The present invention is in the field of protein crystallization and in particular protein crystallization of interferons.
The human interferon alphas are a family of proteins comprising at least 24 subspecies, Zoon K. C., Interferon 9:1 (1987), Gresser I., ed. Academic Press, N.Y. They were originally described as agents capable of inducing an antiviral state in cells but are known as pleiotropic lymphokines affecting many functions of the immune system, Opdenakker, et al., Experimentia 45:513 (1989). Apart from their in vitro biological activities the human interferon alphas are currently used for several indications, e.g., hairy cell leukemia, Kaposi's Sarcoma, venereal warts, hepatitis B and hepatitis C.
Interferon alpha-2b is prepared as a purified sterile, lyophilized recombinant interferon formulation.
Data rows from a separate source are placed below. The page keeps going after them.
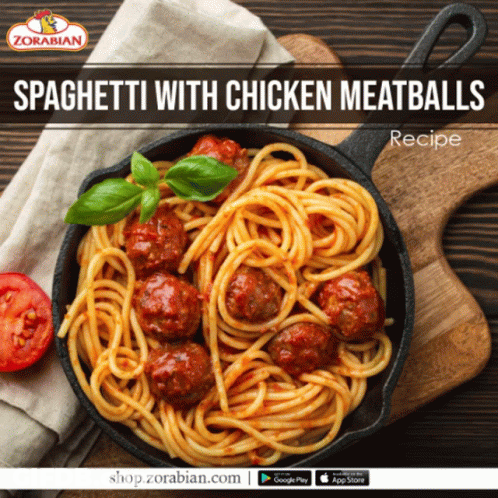 A Pan Of Spaghetti With Chicken Meatballs On A Table GIF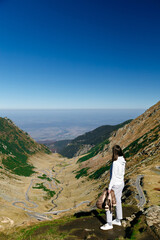 Back view of young woman standing on cliff edge with panoramic mountain landscape of Transfagarasan Highway, Romania. Travel concept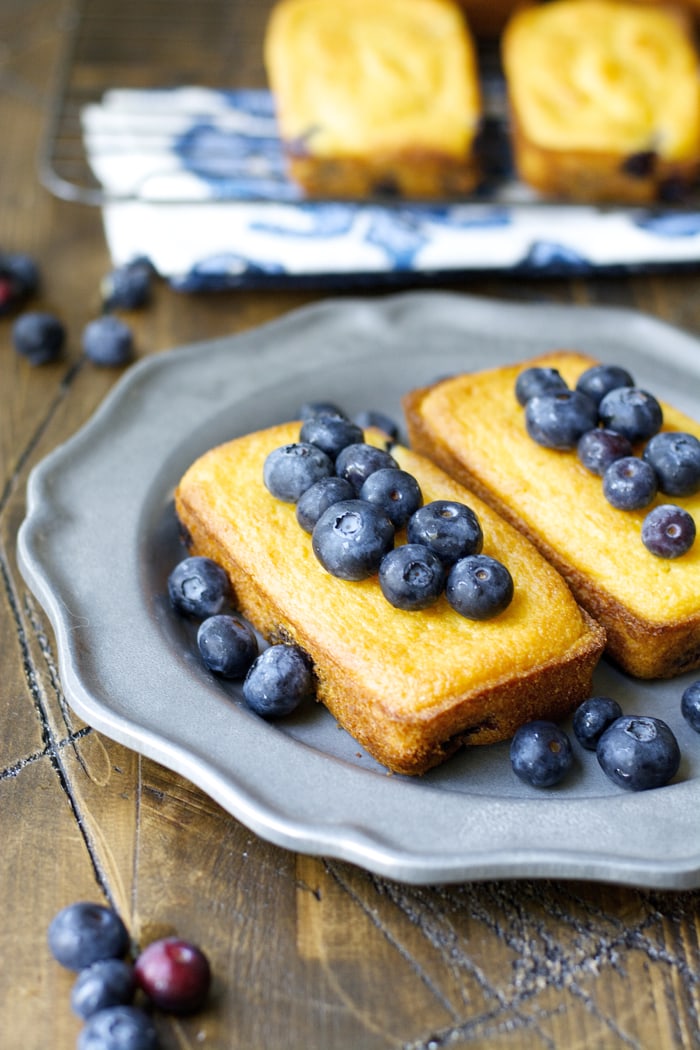 Two mini blueberry cornmeal bread loaves on a gray plate. 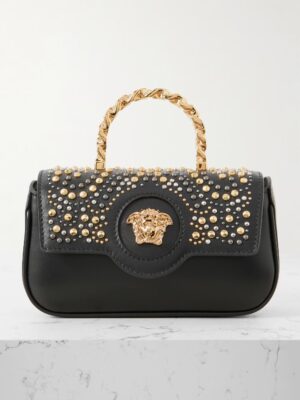A Versace Embellished Leather Tote featuring gold and silver studs, a gold Medusa head emblem at the center, and a twisted gold handle, placed on a white marble surface against a light background.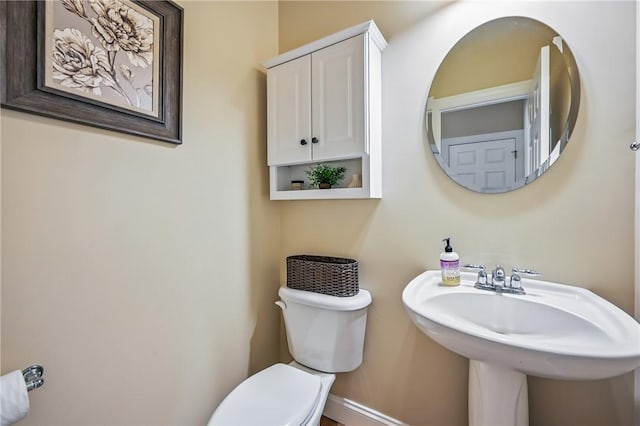 2104 Pierce Bluffs Dr, Hermitage, PA 16148 - half bathroom featuring toilet, baseboards, and a sink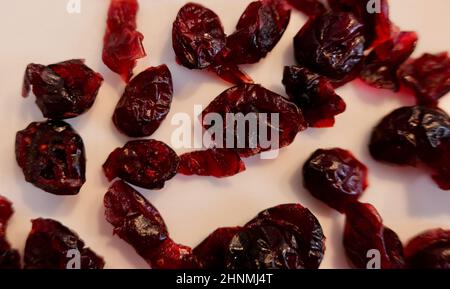 Close up of dried red cranberries on plain white background Stock Photo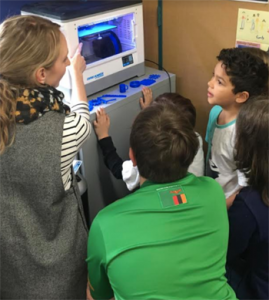 Teacher and students - 3D printing.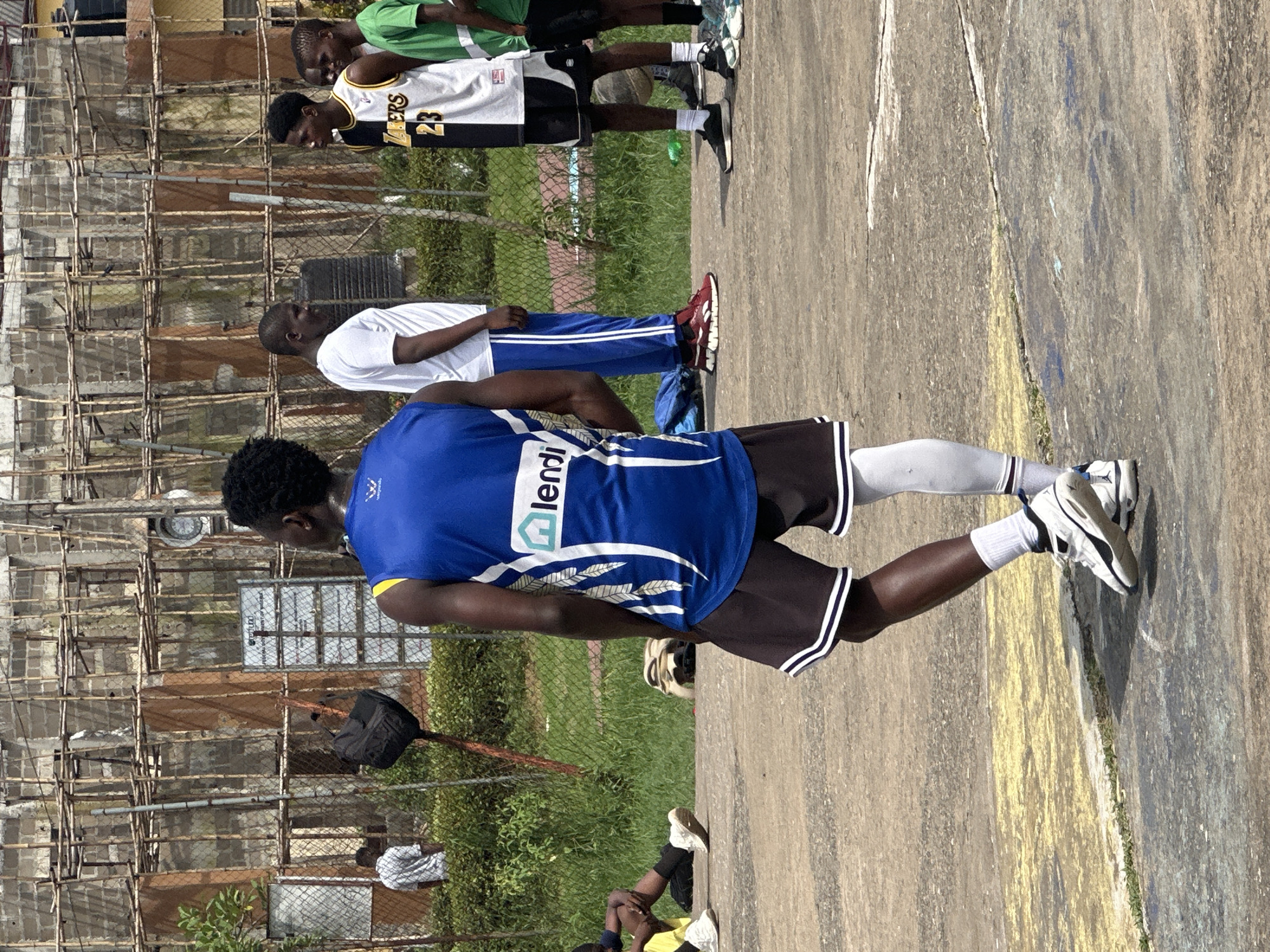 In Ajara, Nigeria, on a sun-drenched outdoor basketball court with a weathered concrete surface marked with faded yellow lines, a group of young men are engaged in activity. The court is bordered by a chain-link fence, beyond which lies overgrown green grass and a multi-story building under construction, its exterior a patchwork of concrete blocks and scaffolding.
In the foreground, a young man wearing a blue basketball jersey with white trim and a "lendl" logo, and dark shorts with white stripes, is captured from the rear, his body angled away from the camera. He sports white knee-high socks and white basketball shoes with blue accents. To his right, another young man is dressed in a black and white basketball jersey labeled "LAKERS 23" and black shorts, also wearing white socks and black basketball shoes. Further to the right, a third individual is visible in a green t-shirt and black shorts.
In the middle ground, a person in a white t-shirt and blue pants with white stripes stands facing the group. Another figure in a white shirt stands with their back to the viewer on the far left, near the fence. A black backpack is hanging from a pole near the construction site. The overall atmosphere suggests a casual basketball game or practice session in a semi-urban Nigerian setting.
An example of a commercially available interferon alpha-2b is INTRON A.RTM. produced by Schering-Plough Corporation, Kenilworth, N.J. The demand for highly purified and crystalline forms of interferon alpha, especially the recombinant type alpha-2b, is of foremost importance for structure elucidation as well as for formulation of various dosage forms including the development of controlled release formulations.
Two forms of crystalline human interferon alpha have been reported, namely from Miller et al., Science, 215:689 (1982); Kung et al., U.S. Pat. No. 4,672,108; Weissmann, The Cloning of Interferon and other Mistakes, In: Interferon 1981, Ian Gresser, ed., Academic Press, N.Y., 101-134 ; Weissmann, Phil. Trans. R. Soc. Lond. B299:7 (1982); Nagabhushan, et al., `Characterization of Genetically Engineered alpha-2 Interferon`, In: Interferon: Research Clinical Application and Regulatory Consideration, Zoon et al., Elsevier, N.Y. 79 (1982). These publications describe methods for crystallizing interferon alpha-2 in polyethylene glycol at low temperature or in a phosphate buffer solution by adjusting the pH or temperature. The Miller et al. article also mentions crystalline alpha-2 in a "prismatic form". Conditions for producing monoclinic prismatic crystals of interferon alpha-2b from solutions of ammonium sulfate in vapor diffusion hanging drop experiments at 22.degree. C. are disclosed in International Patent Application No. PCT/US 91/03660.
IFN-alpha is generally administered either by subcutaneous or intravenous injection usually in hospital or clinical settings. IFN-alpha has a serum half-life of 2-6 hours when injected subcutaneously or minutes when injected intravenously, and characteristically shows a "burst" or a "pulse" (i.e., a rapid blood serum level rise followed by a rapid blood serum level clearance) profile when blood levels are measured over time. Thus frequent administration of doses of the protein must be made to maintain a therapeutically effective blood serum concentration of the drug. There are clinical situations when it may be therapeutically more advantageous to develop an IFN-alpha formulation in which the protein is continuously released into the blood stream so that the serum concentration of the protein reaches a plateau and remains at that level for a period of time. This is an example controlled release formulation.
To date none of the known crystalline IFN-alphas have shown properties desirable for a controlled drug delivery system, in particular, limited solubility at 37.degree. C. and stability in a `Generally Recognized as Safe` (GRAS) category formulation suitable for injection. There are a number of potential advantages of a controlled release therapeutic. Primarily, controlled release drugs can be administered at lower effective doses which improves their safety while maintaining or improving their efficacy. New therapeutic indications can be explored because prolonged bioavailability offers the opportunity for increased biodistribution to enhance tissue and organ penetration.
There is thus a need for a controlled-release formulation of IFN-alpha.